Write back, word for word, the lines from the one containing "Double 10 Gallon" to the end of the listing below. Include nothing else, and no pictures.

▶ **Dataset excerpt**
----
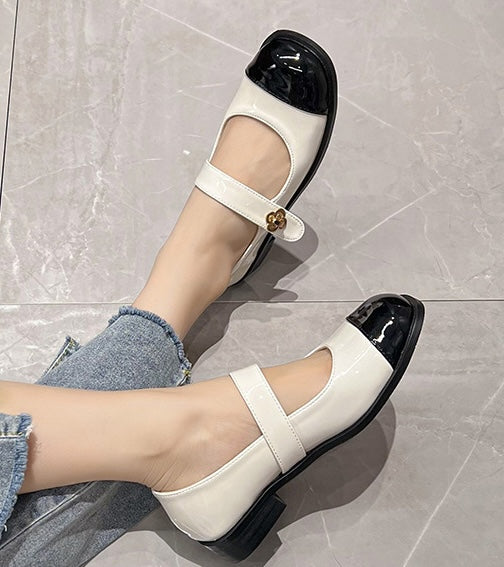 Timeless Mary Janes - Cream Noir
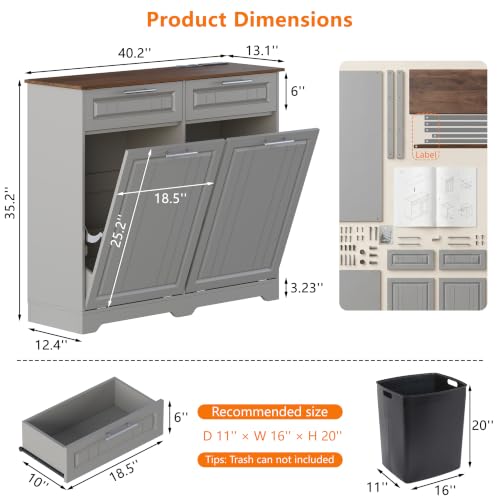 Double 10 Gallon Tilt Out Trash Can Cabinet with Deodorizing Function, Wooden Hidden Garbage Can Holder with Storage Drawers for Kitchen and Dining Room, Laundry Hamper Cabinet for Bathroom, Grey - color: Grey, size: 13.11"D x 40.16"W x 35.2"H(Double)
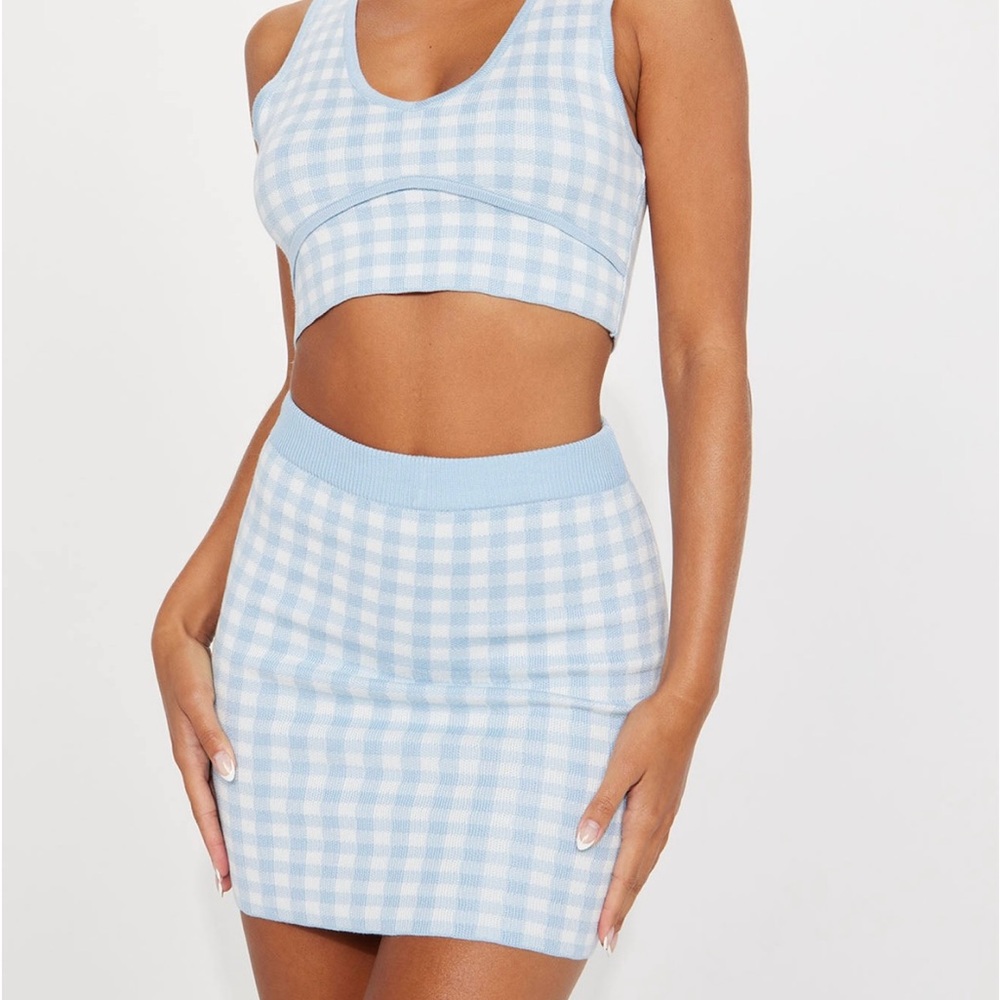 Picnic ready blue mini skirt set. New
----
▶ **Reply**
 Double 10 Gallon Tilt Out Trash Can Cabinet with Deodorizing Function, Wooden Hidden Garbage Can Holder with Storage Drawers for Kitchen and Dining Room, Laundry Hamper Cabinet for Bathroom, Grey - color: Grey, size: 13.11"D x 40.16"W x 35.2"H(Double)
 Picnic ready blue mini skirt set. New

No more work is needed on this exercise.